2005 Junior Balkan Team Selection Tests - Moldova, 3

Tags: inequalities

Let $a_1,a_2,...a_n$ be positive numbers. And let $s=a_1+a_2+...+a_n$,and $p=a_1*a_2*...*a_n$.Prove that $2^{n}*\sqrt{p} \leq 1+\frac{s}{1!}+\frac{s^2}{2!}+...+\frac{s^n}{n!}$

2014 Harvard-MIT Mathematics Tournament, 7

Tags: inequalities

Find the largest real number $c$ such that \[\sum_{i=1}^{101}x_i^2\geq cM^2\] whenever $x_1,\ldots,x_{101}$ are real numbers such that $x_1+\cdots+x_{101}=0$ and $M$ is the median of $x_1,\ldots,x_{101}$.

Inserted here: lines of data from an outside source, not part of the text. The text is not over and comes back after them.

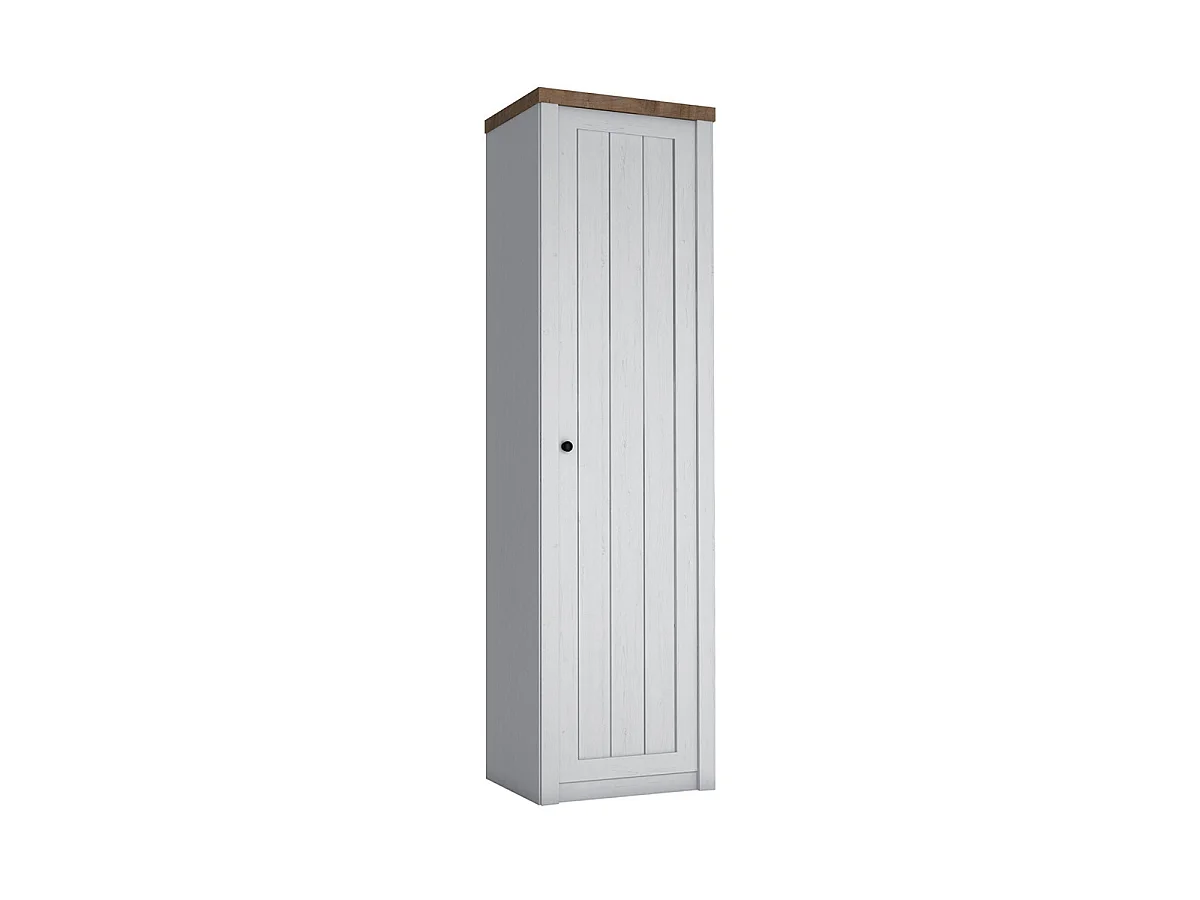 Schrank 1-türig Léandre Weiß und Holz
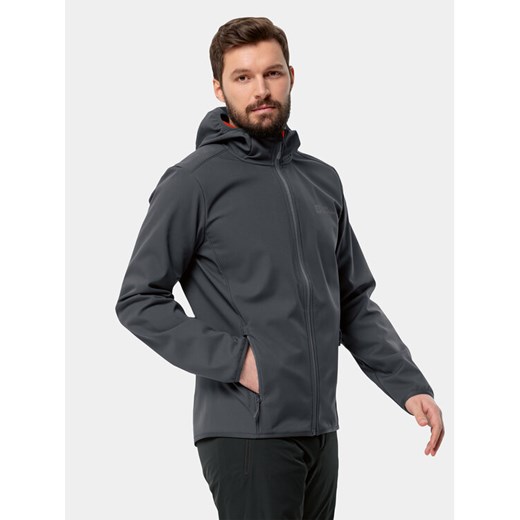 Jack Wolfskin Kurtka softshell Bornberg Hoody 1307471 Czarny Regular Fit ze sklepu MODIVO w kategorii Kurtki męskie - zdjęcie 183946848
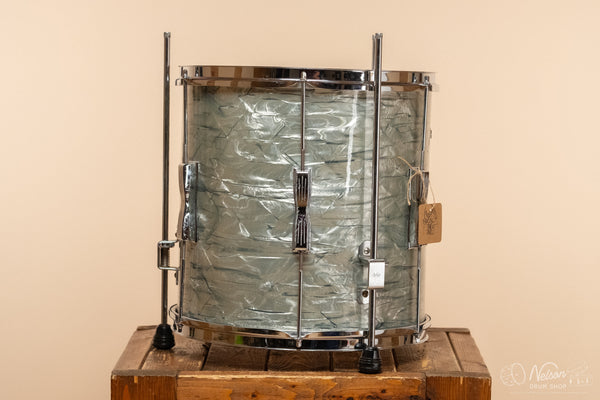 1970s Ludwig 'Clubdate' Floor Tom in Sky Blue Pearl - 14x14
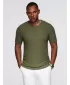 Pánske tričko OMBRE OM-TSCT-0303 OLIVE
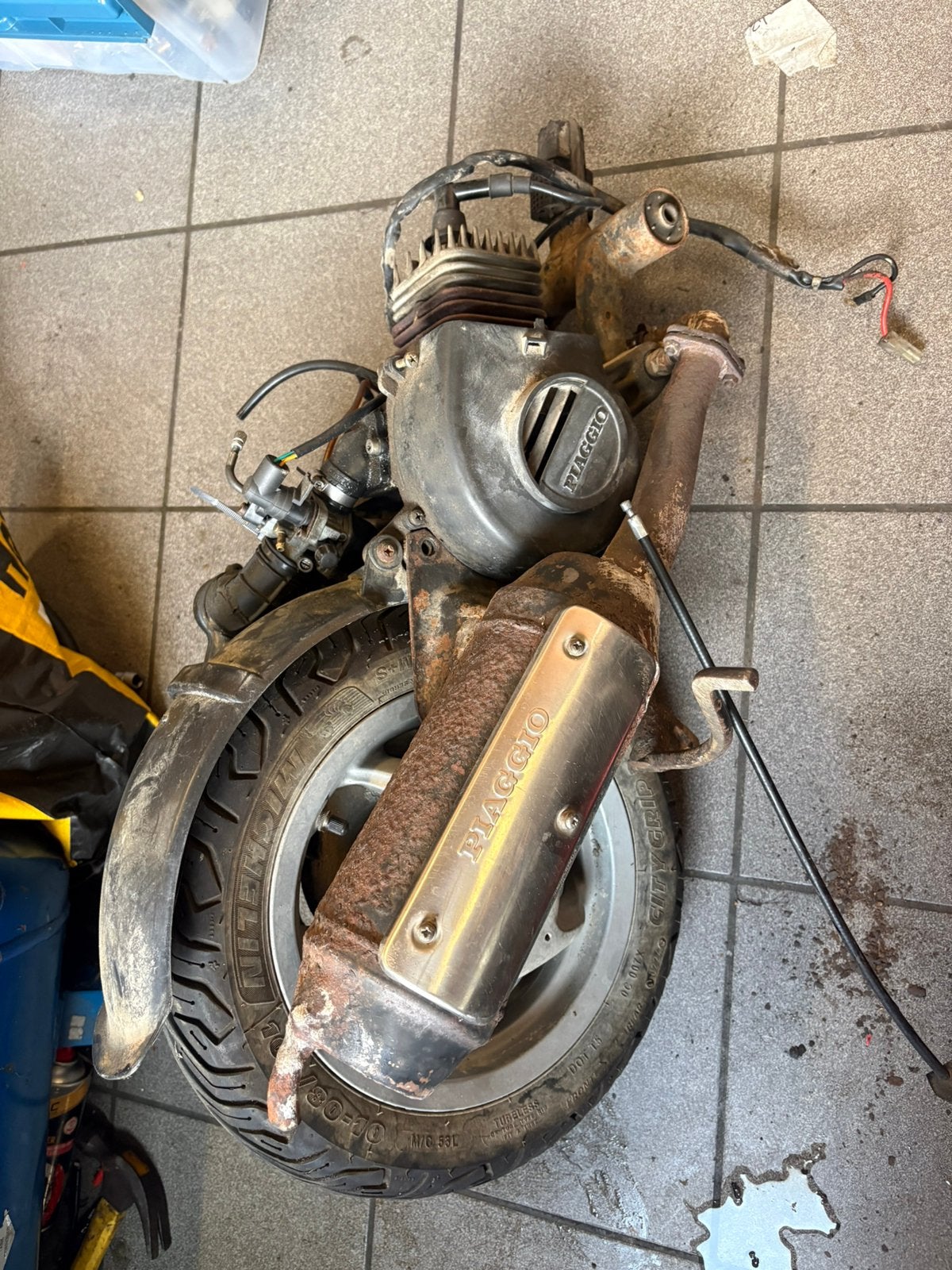 Piaggio zip type 1,2,3 onderdelen, Fietsen en Brommers, Ophalen, Gebruikt, Piaggio
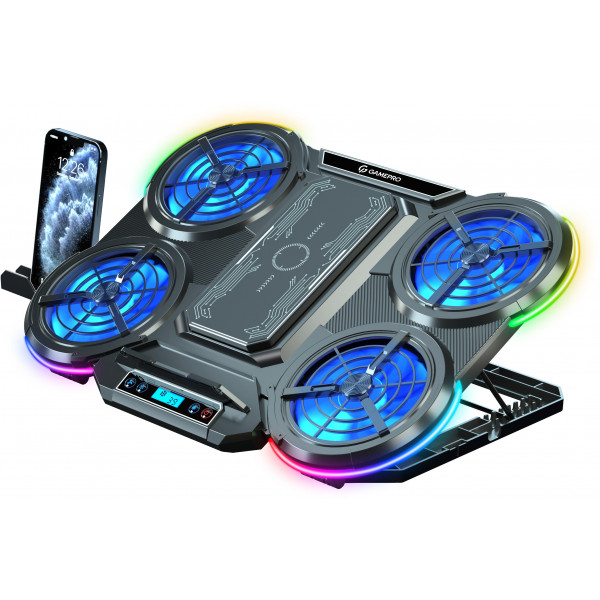 Фото - Подставка под ноутбук охлаждающая GamePro CP1450 Black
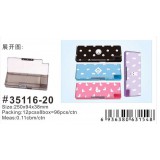 小灵精皮革塑料文具盒35116、12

2003 Switzerland Team Selection Test, 6

Tags: inequalities

Let $ a,b,c $ be positive real numbers satisfying $ a+b+c=2 $. Prove the inequality \[ \frac{1}{1+ab}+\frac{1}{1+bc}+\frac{1}{1+ca} \ge \frac{27}{13} \]

1985 Iran MO (2nd round), 1

Tags: circumcircle , inequalities , geometry

Inscribe in the triangle $ABC$ a triangle with minimum perimeter.

2006 Rioplatense Mathematical Olympiad, Level 3, 1

Tags: factorial , induction , inequalities , number theory

(a) For each integer $k\ge 3$, find a positive integer $n$ that can be represented as the sum of exactly $k$ mutually distinct positive divisors of $n$. (b) Suppose that $n$ can be expressed as the sum of exactly $k$ mutually distinct positive divisors of $n$ for some $k\ge 3$. Let $p$ be the smallest prime divisor of $n$. Show that \[\frac1p+\frac1{p+1}+\cdots+\frac{1}{p+k-1}\ge1.\]

1993 Poland - Second Round, 1

Tags: inequalities

If $ x,y,u,v$ are positiv real numbers, prove the inequality : \[ \frac {xu \plus{} xv \plus{} yu \plus{} yv}{x \plus{} y \plus{} u \plus{} v} \geq \frac {xy}{x \plus{} y} \plus{} \frac {uv}{u \plus{} v} \]

1991 IberoAmerican, 2

Tags: inequalities , geometric transformation , rotation , parallelogram , geometry

A square is divided in four parts by two perpendicular lines, in such a way that three of these parts have areas equal to 1. Show that the square has area equal to 4.

1995 Austrian-Polish Competition, 9

Tags: algebra , inequalities

Prove that for all positive integers $n,m$ and all real numbers $x, y > 0$ the following inequality holds: \[(n - 1)(m- 1)(x^{n+m} + y^{n+m}) + (n + m - 1)(x^ny^m + x^my^n)\\ \\ \ge nm(x^{n+m-1}y + xy^{n+m-1}).\]

2021 Tuymaada Olympiad, 1

Tags: inequalities

Polynomials $F$ and $G$ satisfy: $$F(F(x))>G(F(x))>G(G(x))$$ for all real $x$.Prove that $F(x)>G(x)$ for all real $x$.

2002 Poland - Second Round, 3

Tags: search , geometry , inequalities , combinatorics

A positive integer $ n$ is given. In an association consisting of $ n$ members work $ 6$ commissions. Each commission contains at least $ \large \frac{n}{4}$ persons. Prove that there exist two commissions containing at least $ \large \frac{n}{30}$ persons in common.